I find it hard sometimes to write about lines that stood out to me in a film, because there’s no way to convey with words how it feels to watch something and have some random phrase rise up from the rest of the work and go straight to your heart. In my recent Grand Budapest viewing, it was a line spoken through voice-over by Jude Law’s character, the 1968 version of the author whose book, “The Grand Budapest Hotel,” frames the movie’s story. He explains how his chance meeting came about with the hotel’s owner, which leads to him learning about the establishment’s storied history:

“…until, in what I’ve found to be its mysterious and utterly reliable fashion, fate, once again, intervened on my behalf.” 

This really makes no sense out of context, and I can’t find a clip of this exact moment. But I just thought that was a really beautiful way to describe fate, or whatever force you believe causes events to happen. “Mysterious and utterly reliable.” You never know what will happen, but when whatever happens does happen, it seems to be perfectly timed.

and a split of the brut

Also, as is my wont, I have developed a newfound obsession with an actor in a movie whose performance I enjoyed but who I didn’t know much about. That would be F. Murray Abraham, and I’m working on watching more of his stuff.

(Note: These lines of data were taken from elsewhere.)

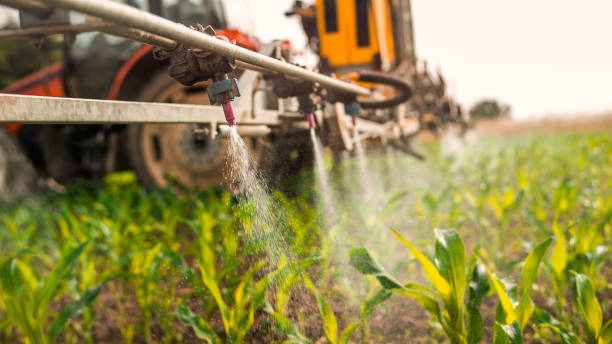 Best Commercial Pest Control Services  in Roland, IA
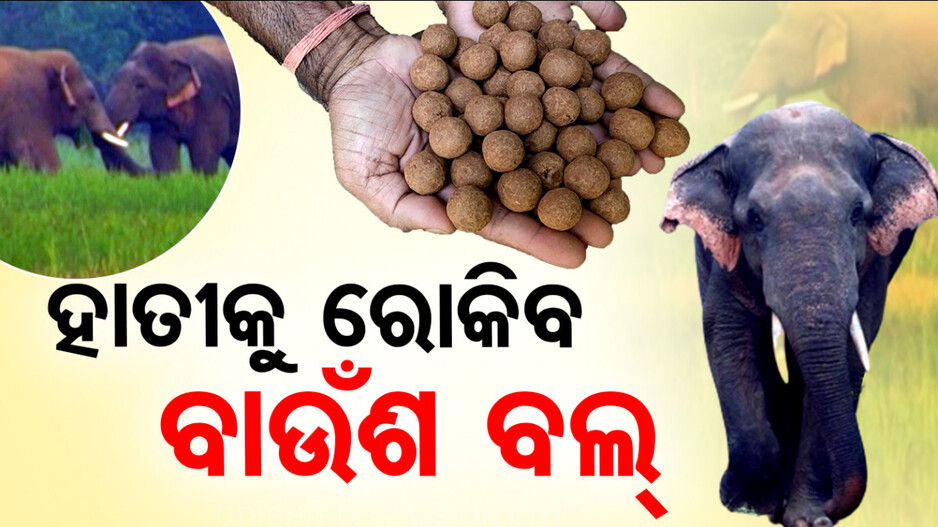 ଜନବସତି ମୁହାଁ ହାତୀକୁ ରୋକିବାରେ ସଞ୍ଜିବନୀ ପାଲଟିବ ବାଉଁଶ ବଲ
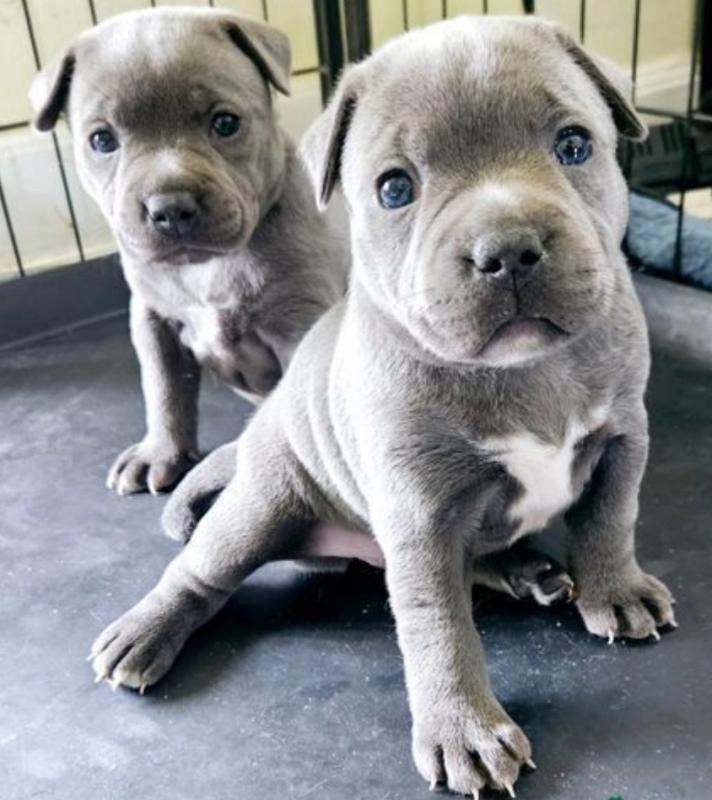 Blue Staff Puppies Kc Reg Image eClassifieds4u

Though I did already know – because everything in my life has some weird Watergate connection – that he played one of the cops who busts the Watergate burglars in All the President’s Men.

One other random movie tidbit: I was so distraught over Oregon’s loss to Ohio State in the college football title game on Monday that all I wanted to do to cheer myself up was watch Juno, so I could reminisce about the role that made me love now-Golden-Globe winner and Oscar nominee J.K. Simmons.

Juno is one of my all-time favorites, and while Simmons has a smaller part, he plays it perfectly. You totally buy everything he says and does. He’s a small-town dad who has a simple life but who works hard for his family and knows the little things are the most important. And his wife is played by Allison Janney! The best couple, basically.

I love awards season. For some reason all the races and the controversies and the glamour are fascinating to me. And while there’s obviously a fair share of big names nominated this year (and a lot of love for Grand Budapest), I love that J.K. Simmons, the dad from Juno, whom I’ve known of for years because of that role, finally found the role that’s getting him his due.